Condominio

Il portiere licenziato deve lasciare subito l’alloggio

di Paolo Accoti

L’utilizzo gratuito dell’alloggio è prestazione accessoria del lavoro del portiere (che quindi non è un i nquilino) e per lo “sfratto” bisogna seguire la procedura del lavoro.

Il rapporto che intercorre tra l’assemblea del condominio e la persona fisica tenuta, tra l’altro, a svolgere compiti di vigilanza, di custodia e pulizia dell’edificio è un contratto di lavoro disciplinato dal Contratto Collettivo Nazionale di Lavoro per i dipendenti da proprietari di fabbricati, applicabile su tutto il territorio nazionaleanche nei condomìni. Il Ccnl individua, tra le varie tipologie, alcune che prevedono, appunto, l’alloggio: A2) portieri che prestano la loro opera per la vigilanza, la custodia e le altre mansioni accessorie degli stabili, fruendo di alloggio; A4) portieri che prestano la loro opera per la vigilanza, la custodia, la pulizia e le altre mansioni accessorie degli stabili, fruendo di alloggio; A7) Portieri che fruiscono di alloggio, addetti alla vigilanza con mezzi telematici (sistemi di video-sorveglianza, sistemi elettronici di controllo a distanza, eccetera), di particolare complessità e ampiezza, intendendosi per tali quelli dotati di almeno 6 schermi video; A9) portieri che fruiscono di alloggio, ai quali, dietro specifico incarico conferito per iscritto, venga affidato il compito aggiuntivo e continuativo di assistente operativo per il coordinamento di altri lavoratori del complesso immobiliare.

Le sentenze hanno da tempo chiarito che «in materia di rapporto di portierato, in favore di un condominio, l’assemblea dei condomini ha il potere di prestare direttamente il proprio consenso, anche per fatti concludenti, alla conclusione di un contratto. Ne consegue che l’instaurazione del rapporto di lavoro subordinato può essere desunta, oltre che da delibere assembleari, anche dalla esplicazione dell’attività lavorativa, dall’occupazione, da parte del lavoratore, dell’a ppartamento condominiale assegnato, e dall’accettazione della prestazione di lavoro da parte del condominio» (Cassazione, sentenza 5297/2014).
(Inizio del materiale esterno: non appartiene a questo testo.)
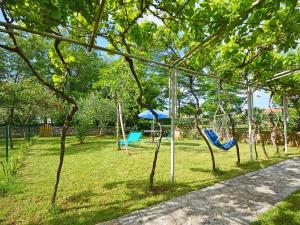 a park with two swings in the grass at Holiday Home Aron by Interhome in Umag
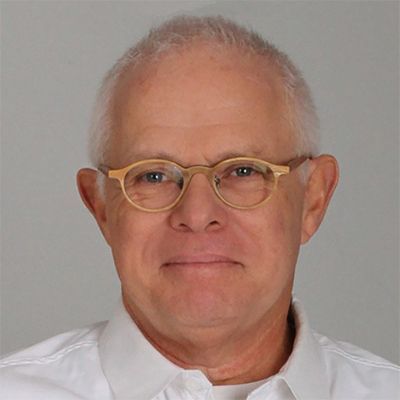 headshot of person with short cropped light hair, wearing gold round glasses and smiling subtly, wearing a whit collared shirt
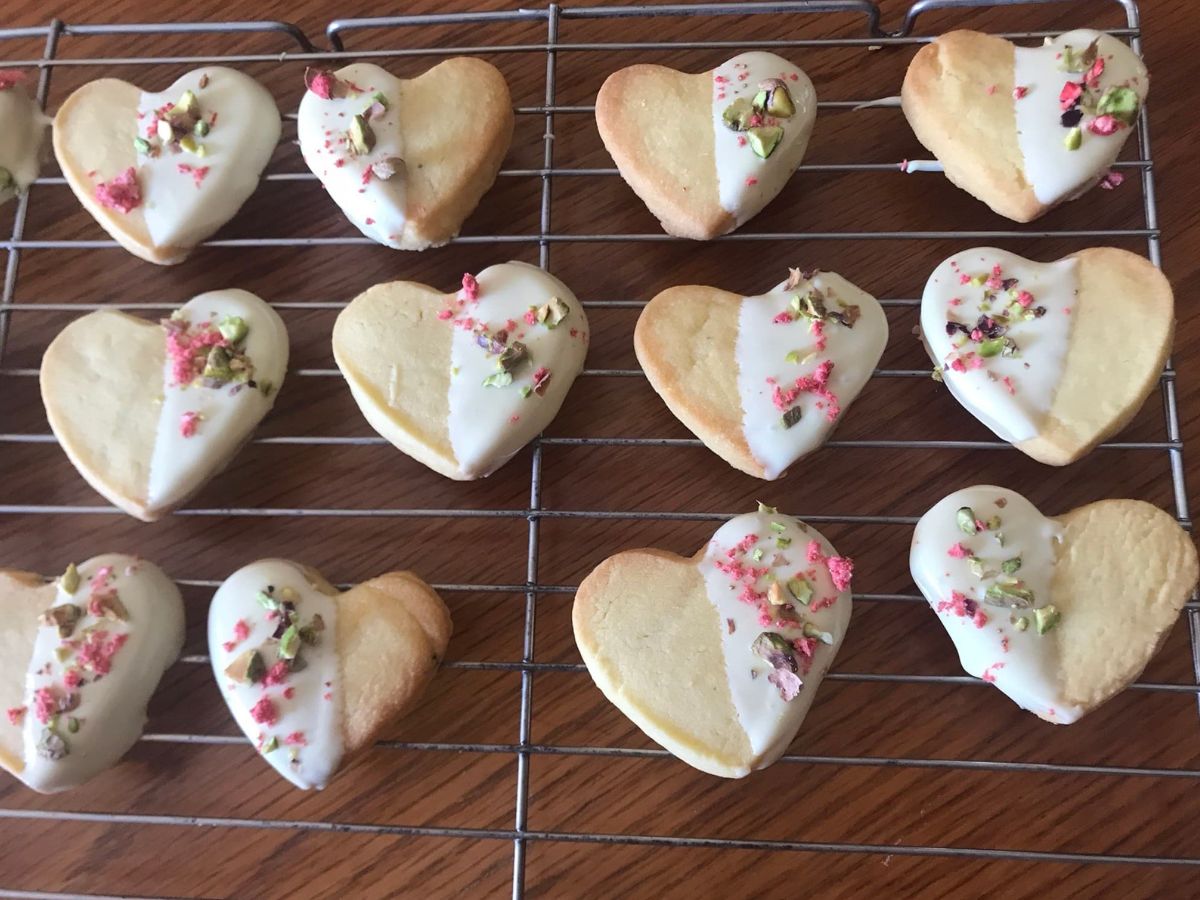 Heart-shaped shortbread cookies half-dipped in white chocolate, decorated with chopped pistachios and crushed freeze-dried strawberries, arranged on a cooling rack.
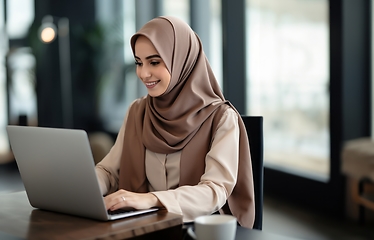 Image showing In a cozy cafe, a woman in a hijab embraces modernity as she diligently works on her laptop, seamlessly blending technology with tradition in a contemporary and culturally diverse workspace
Alla cessazione del rapporto di lavoro il dipendente è tenuto alla riconsegna dell’alloggio e l’eventuale giudizio per il rilascio dello stesso segue il rito del lavoro non essendo configurabile, in tali casi, un autonomo rapporto di locazione.

Così ha stabilito il Tribunale di Milano, in funzione di giudice del lavoro, con la sentenza pubblicata il 6 dicembre 2016.

Il contenzioso partiva dal licenziamento del portiere il quale, a sua volta, impugnava il licenziamento, ma la controversia veniva risolta con un accordo transattivo che dichiarava cessato consensualmente il rapporto lavorativo. Però il portiere non lasciava l’alloggio.

Il Tribunale ha quindi ricordato che la controversia relativa al rilascio dell’alloggio (...), se la concessione in godimento dell’immobile avviene in ragione del rapporto di lavoro per cui la stessa si qualifica come «prestazione accessoria del rapporto stesso funzionalmente collegata con la prestazione lavorativa, costituendone un parziale corrispettivo» (così la Cassazione, sentenza 18649/2012) , rientra a pieno titolo tra quelle indicate dall’articolo 409 del Codice di procedura civile.

Quindi, precisa il Tribunale, «l’utilizzazione dell’alloggio costituisce (...) una prestazione accessoria del rapporto di portierato e, in quanto tale, non integra un autonomo rapporto di locazione. Dunque tale patto accessorio segue le sorti del contratto cui accede, essendo a questo funzionalmente collegato, con evidente obbligo di rilascio al momento della cessazione del rapporto di lavoro».